With proven experience, the Patriarch of the Ukrainian Greek Catholic Church doubts that the access of married men to the priesthood can be a remedy for the dramatic lack of priests in the West or elsewhere in the world.
While preparing the next synod on the Amazon, Archbishop Sviatoslav Shevchuk spoke at the end of another synod, that of the Ukrainian Greek Catholic Church (UGCC), of which he is the primate. This assembly was held in Rome from September 2-10, 2019.
Asked about the question of priestly and religious vocations, the high prelate warned: “there can be no easy answers to difficult questions,” the drying up of vocations remains “a challenge for everyone.”

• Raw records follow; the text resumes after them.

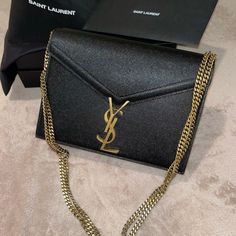 Just In Time For The Holidays! Authentic Ysl Monogrammed Cassandra Bag In Like New Condition With Minor Interior Scuffs. Exterior And Brass Ysl Closure Are In Mint Condition. Description: Black Exterior, Maroon Interior With Gold Chain Strap. Comes With Everything Pictured. Additional Pictures Available Upon Request. 100% Authentic. Yves Saint Laurent Bags, Black Exterior, Chain Strap, Mint Condition, Gold Chains, Like New, Yves Saint Laurent, Saint Laurent, Bag Lady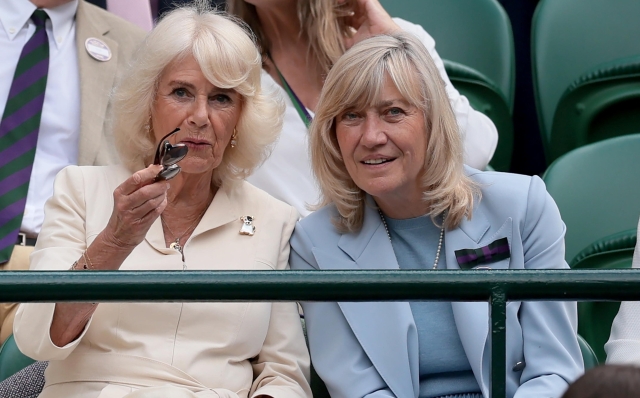 epa11470520 Queen Camilla (L) and former British tennis player Debbie Jevans are seated at Court No.1 for the Men's quarter final match between Lorenzo Musetti of Italy and Taylor Fritz of the USA at the Wimbledon Championships, Wimbledon, Britain, 10 July 2024.  EPA/TIM IRELAND  EDITORIAL USE ONLY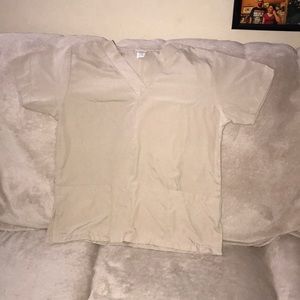 B.A.G. Small Tan scrub top with pockets V neck 💕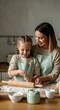 © Margareta - Mother and Daughter Enjoying Baking Together in Homely Kitchen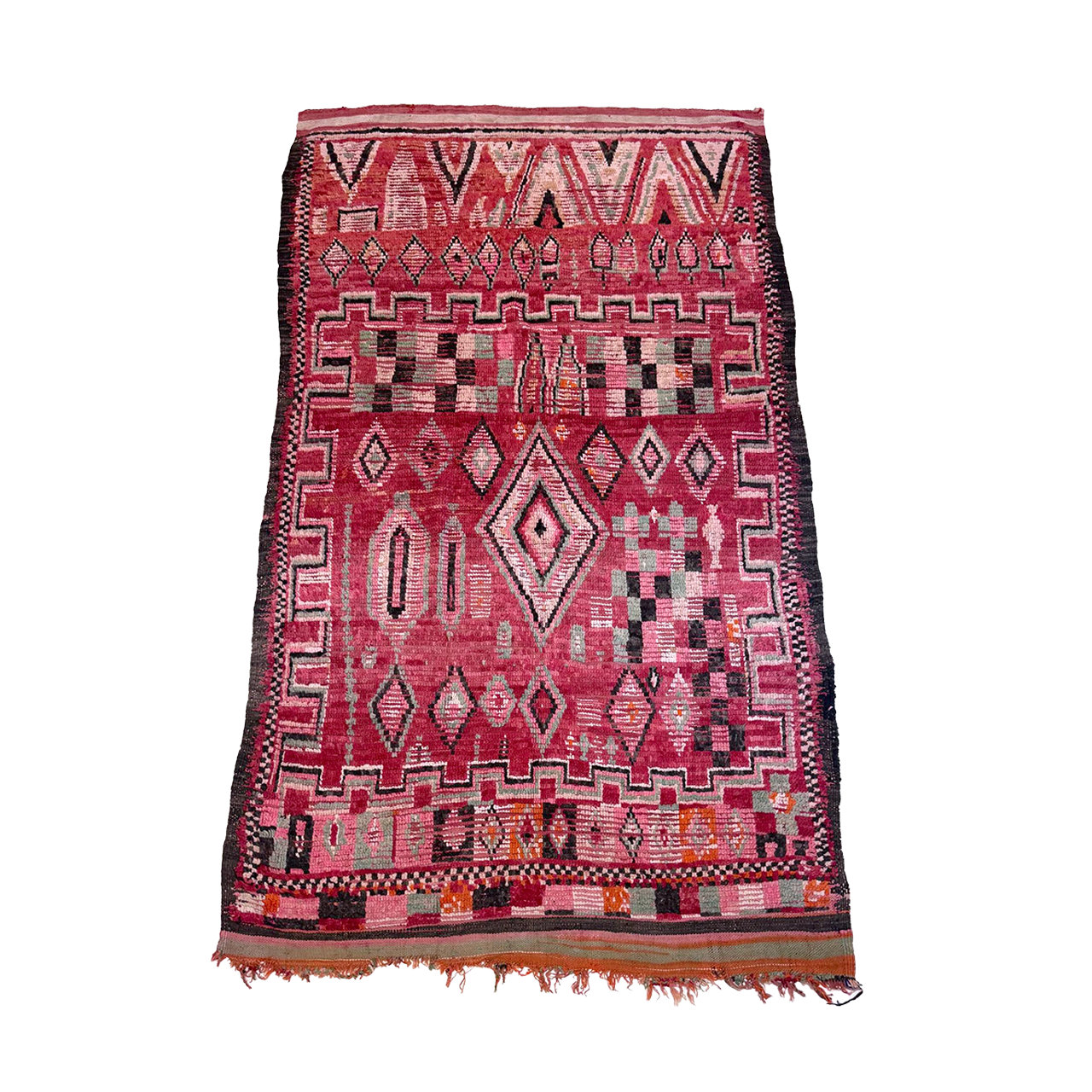 Pink low pile Moroccan rug with lots of colorful diamond designs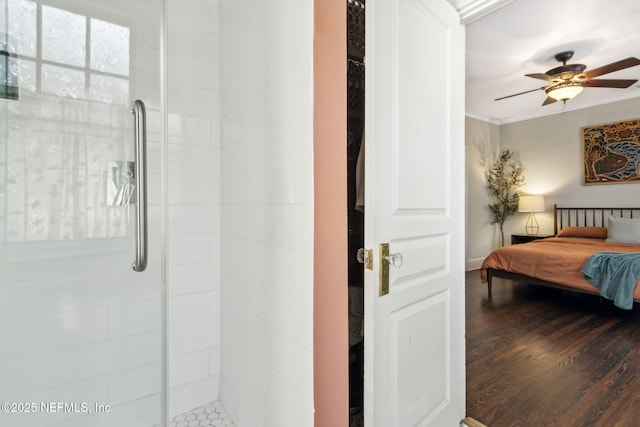 full bathroom featuring ceiling fan, tiled shower, connected bathroom, and wood finished floors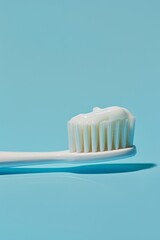 Close-up of a toothbrush with toothpaste on a pastel blue background, perfect for oral care and hygiene product promotions Generative AI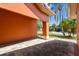 Side of a single-story home featuring a brick driveway with vibrant trees at 8601 Chadwick Dr, Tampa, FL 33635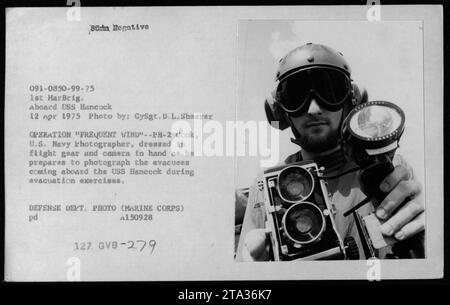 GySgt D.L. Shearer, ein Fotograf der US Navy, bereitet sich darauf vor, Evakuierten, die an Bord der USS Hancock während der Operation Frequent Wind am 12. April 1975 im Rahmen von Evakuierungsübungen zu fotografieren. Stockfoto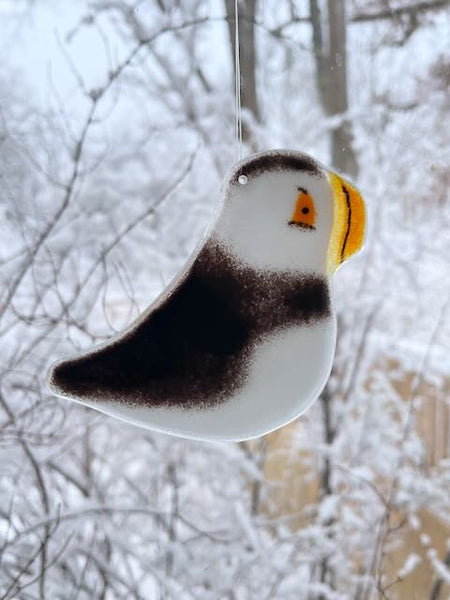 Load image into Gallery viewer, Black and White Fused Glass Puffin Hanging in Window with Snow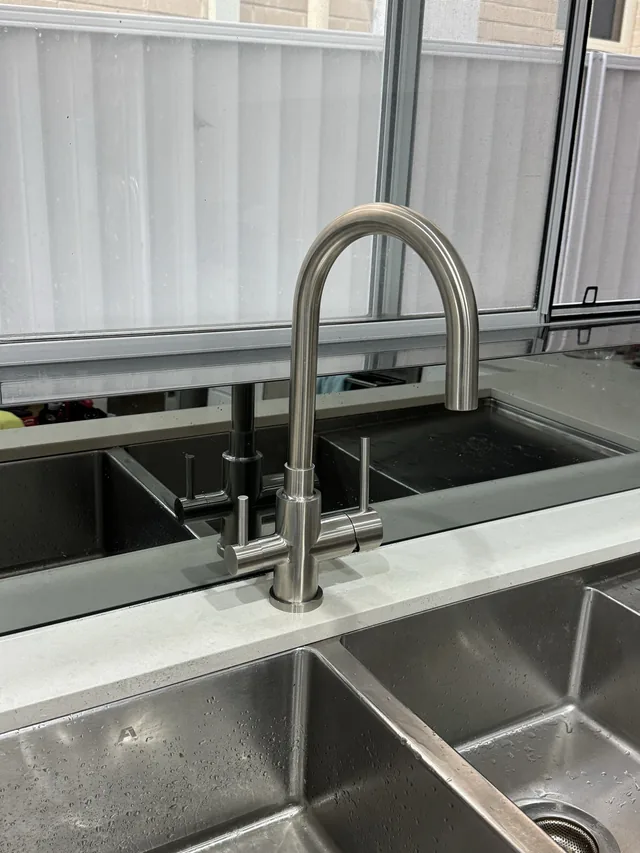 Three way mixer over a double sink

While the progressives, especially in Germany, push for priestly ordination of viri probati, i.e. of mature men having already founded a family, the head of the UGCC puts the debate back into its true place: “the priesthood remains a vocation: a vocation can neither increase nor decrease because we would be married or we would remain single; to be a priest is not a job, but a way of offering one’s life for the good of the Church,” says Shevchuk.

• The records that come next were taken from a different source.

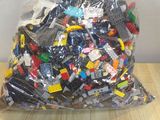 a bag full of legos sitting on a table
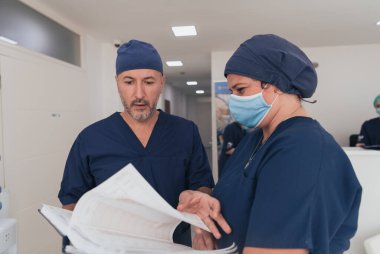 Covid-19 salgını sırasında yüz maskesi takan tıbbi çok ırklı ekibinin önünde ortopedi doktoru. Meslektaşlarının önünde cerrah. Seçici odak.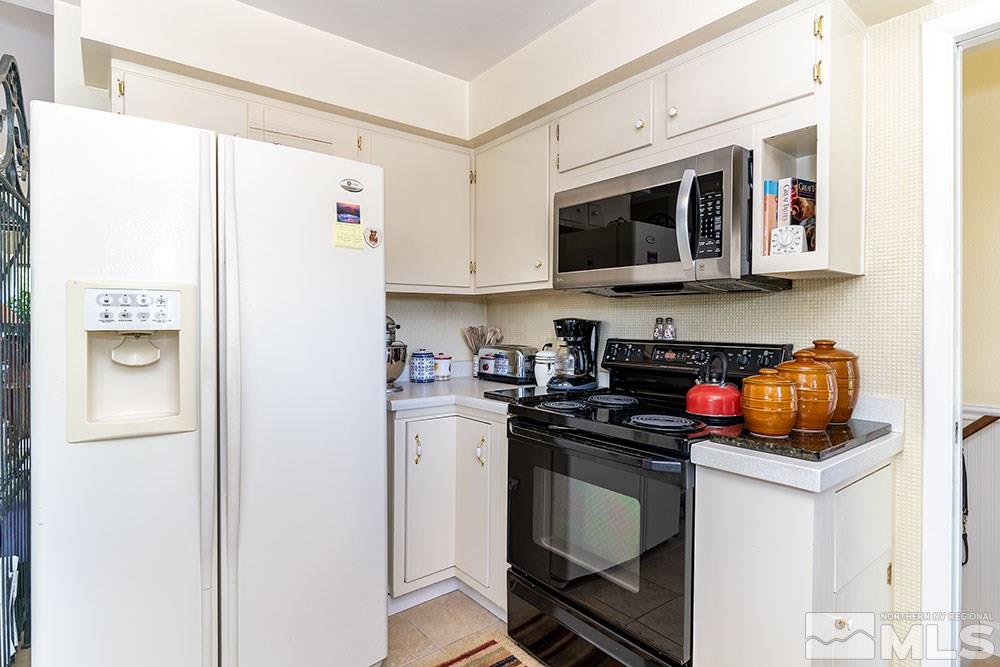 11325 Maverick Lane Reno, NV 89511 - Photo 5 of 20 a kitchen with stainless steel appliances granite countertop a refrigerator stove microwave and sink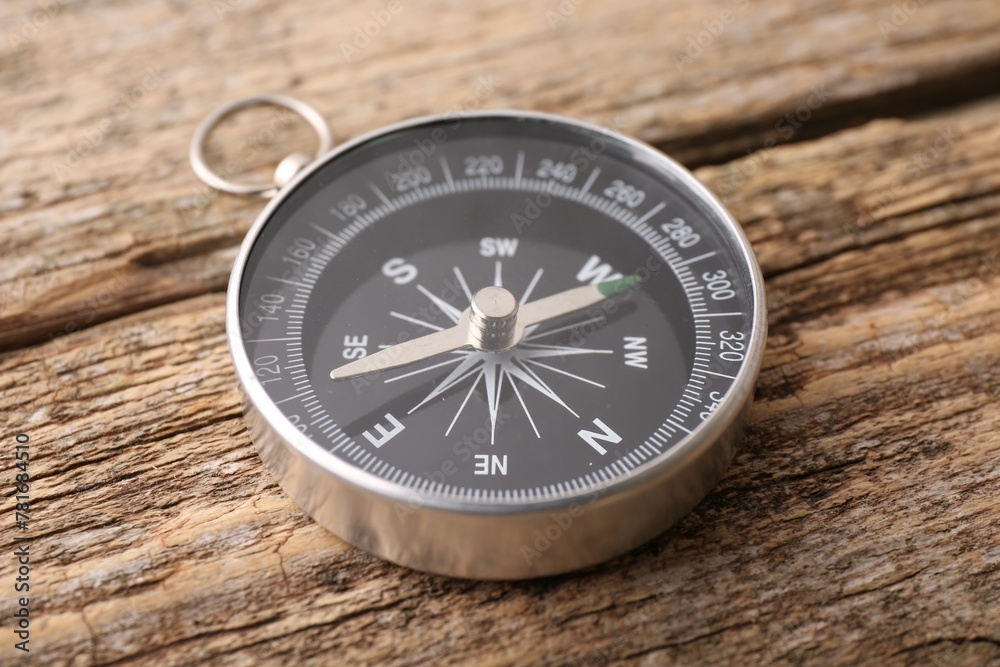 One compass on wooden table, closeup. Tourist equipment One compass on wooden table, closeup. Tourist equipment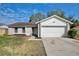 Charming single-story home features an attached two-car garage and a well-maintained front yard at 9913 Peddlers Way, Orlando, FL 32817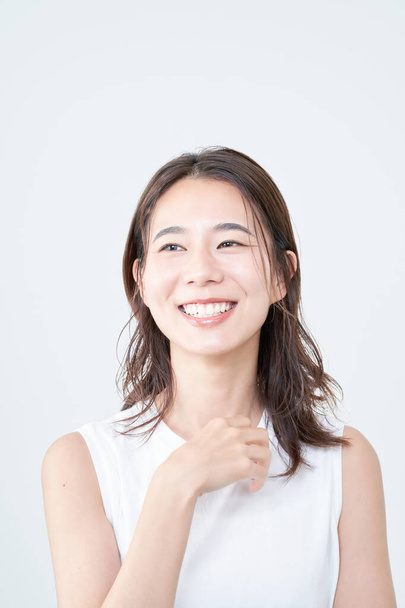 portrait of asian young woman and white background - Photo, Image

For the Patriarch, there is no doubt: “The Lord says: ‘You have not chosen me: but I have chosen you” (Jn 15:16). We are convinced that Christ calls many men to the priesthood, but there exist numerous and diverse obstacles that men put before this call,” he explains.

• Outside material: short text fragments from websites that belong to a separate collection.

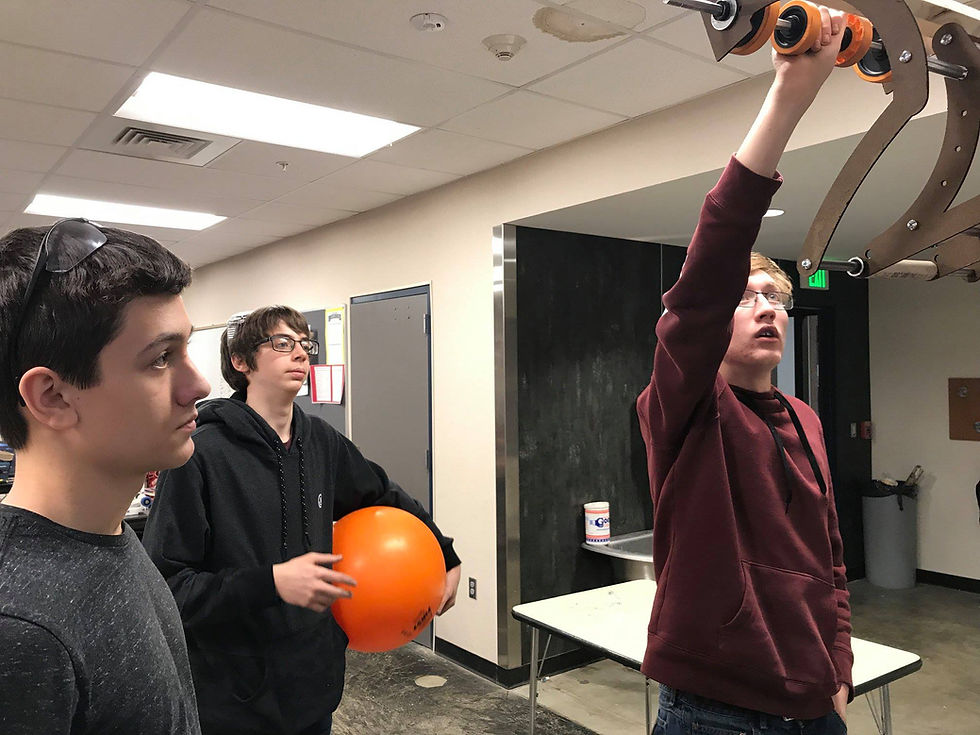 Tristan, Braylen and Jordan getting a better view of their intake prototype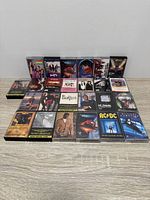 Overhead view of all 25 cassette tapes arranged in five rows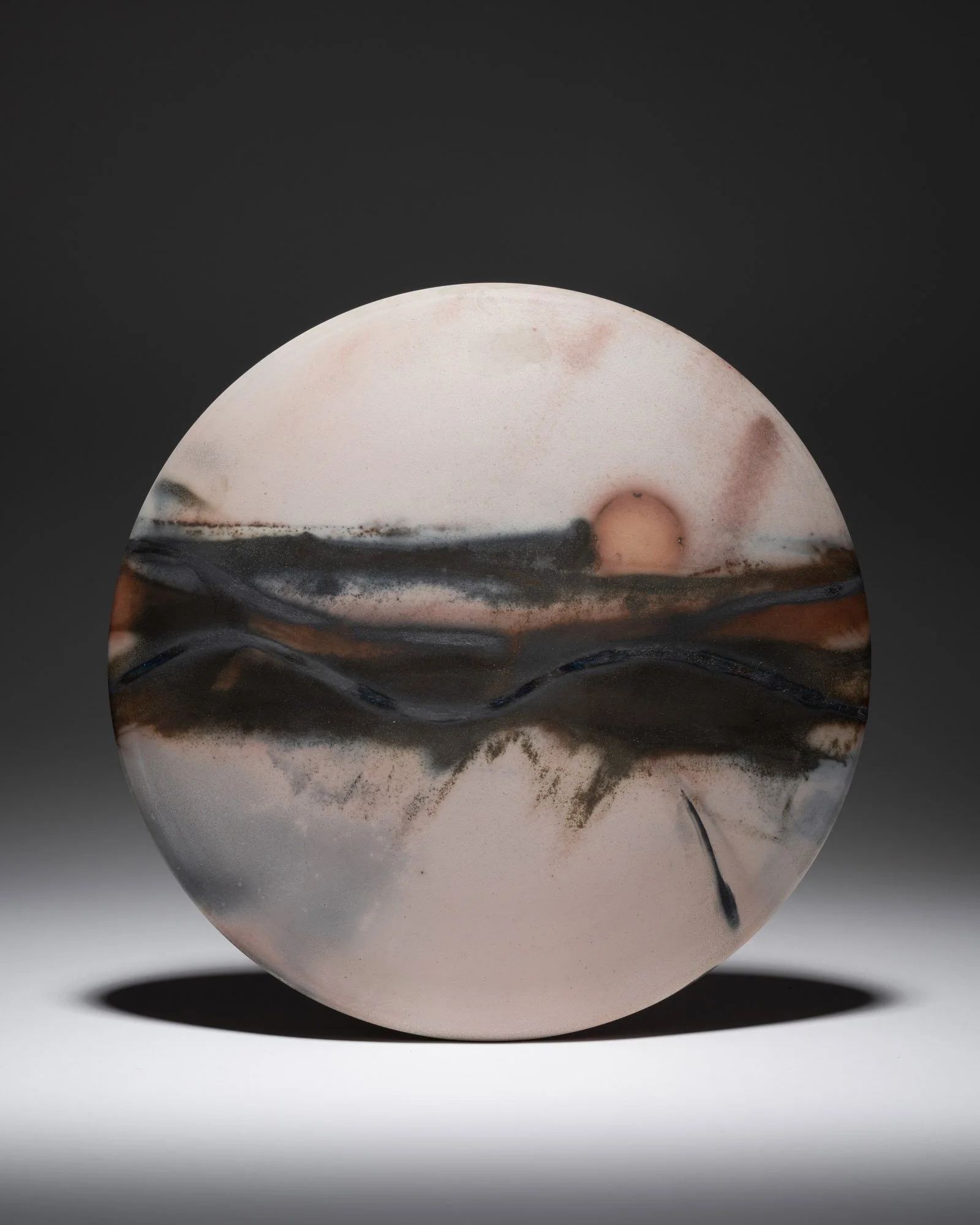 ´Windswept´ 2024, Medium Wall Disc
White Stoneware Clay, Thrown & Saggar Fired with West Cork sawdust, seaweeds, recycled wires & oxides 
(H) x (L) x (W)  
24.5 cm x 24.5 cm x 3cm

The Ukrainian primate states that the Eastern discipline which allows the access of married men to the priesthood has not changed the crisis of vocations: “In Ukraine, thanks to God, we have many vocations...But elsewhere, the Church does not draw any benefit from the ordination of married men, for example in Canada and the United States. Although it is possible to live the priesthood in the state of marriage [according to Eastern practice – Editor’s note], this does not promote the increase of vocations to the priesthood. This is our experience,” concludes the UGCC's Patriarch.